+++ Extracted material

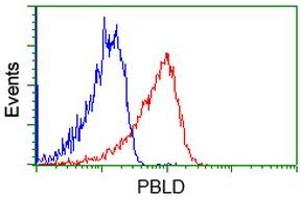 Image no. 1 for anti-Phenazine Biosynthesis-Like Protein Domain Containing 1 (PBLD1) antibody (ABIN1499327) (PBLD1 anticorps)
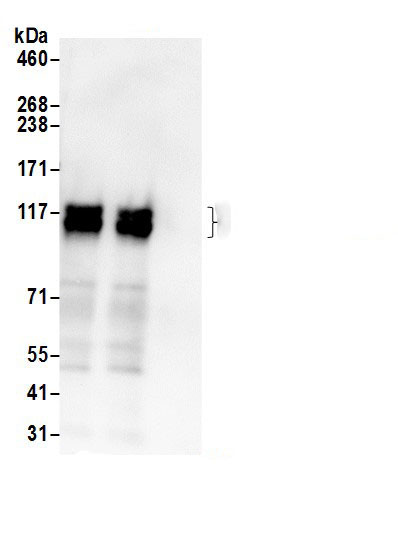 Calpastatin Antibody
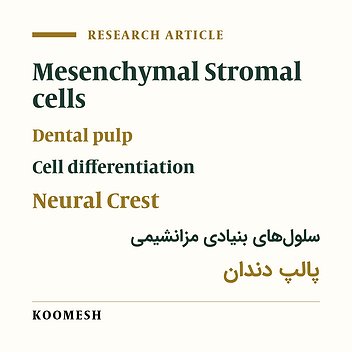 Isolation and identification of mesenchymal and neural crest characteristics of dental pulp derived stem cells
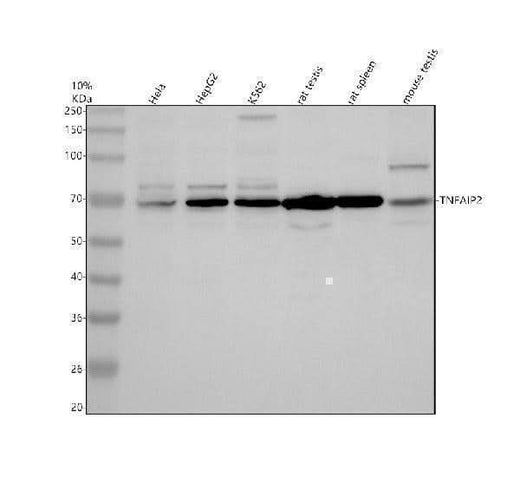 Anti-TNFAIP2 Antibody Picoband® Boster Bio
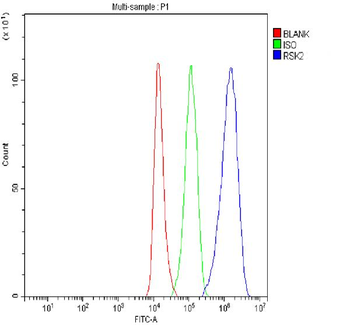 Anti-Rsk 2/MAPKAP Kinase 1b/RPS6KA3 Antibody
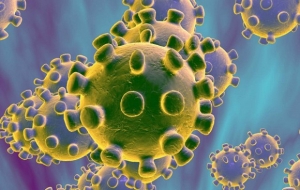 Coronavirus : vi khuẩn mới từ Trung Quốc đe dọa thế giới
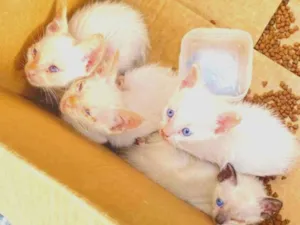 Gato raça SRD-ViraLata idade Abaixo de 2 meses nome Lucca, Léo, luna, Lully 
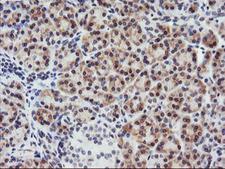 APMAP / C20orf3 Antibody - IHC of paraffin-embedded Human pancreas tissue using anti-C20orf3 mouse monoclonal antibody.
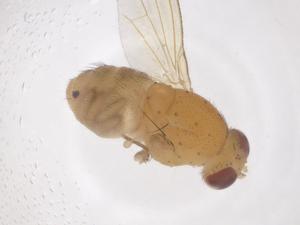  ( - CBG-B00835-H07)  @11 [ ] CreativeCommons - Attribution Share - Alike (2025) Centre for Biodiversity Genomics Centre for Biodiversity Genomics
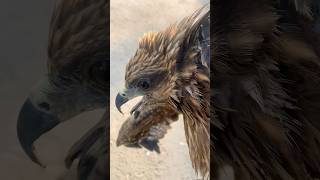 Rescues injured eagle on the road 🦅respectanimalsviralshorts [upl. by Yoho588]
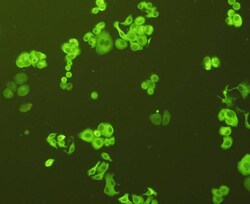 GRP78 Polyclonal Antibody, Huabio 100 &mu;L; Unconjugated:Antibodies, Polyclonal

++++++

**Instructions to follow:**
Give back exactly the lines from the one containing "Anti-TNFAIP2 Antibody Picoband® Boster Bio" to the final line of the entries, both included, and no picture.

**Finished task:**
 Anti-TNFAIP2 Antibody Picoband® Boster Bio
 Anti-Rsk 2/MAPKAP Kinase 1b/RPS6KA3 Antibody
 Coronavirus : vi khuẩn mới từ Trung Quốc đe dọa thế giới
 Gato raça SRD-ViraLata idade Abaixo de 2 meses nome Lucca, Léo, luna, Lully 
 APMAP / C20orf3 Antibody - IHC of paraffin-embedded Human pancreas tissue using anti-C20orf3 mouse monoclonal antibody.
  ( - CBG-B00835-H07)  @11 [ ] CreativeCommons - Attribution Share - Alike (2025) Centre for Biodiversity Genomics Centre for Biodiversity Genomics
 Rescues injured eagle on the road 🦅respectanimalsviralshorts [upl. by Yoho588]
 GRP78 Polyclonal Antibody, Huabio 100 &mu;L; Unconjugated:Antibodies, Polyclonal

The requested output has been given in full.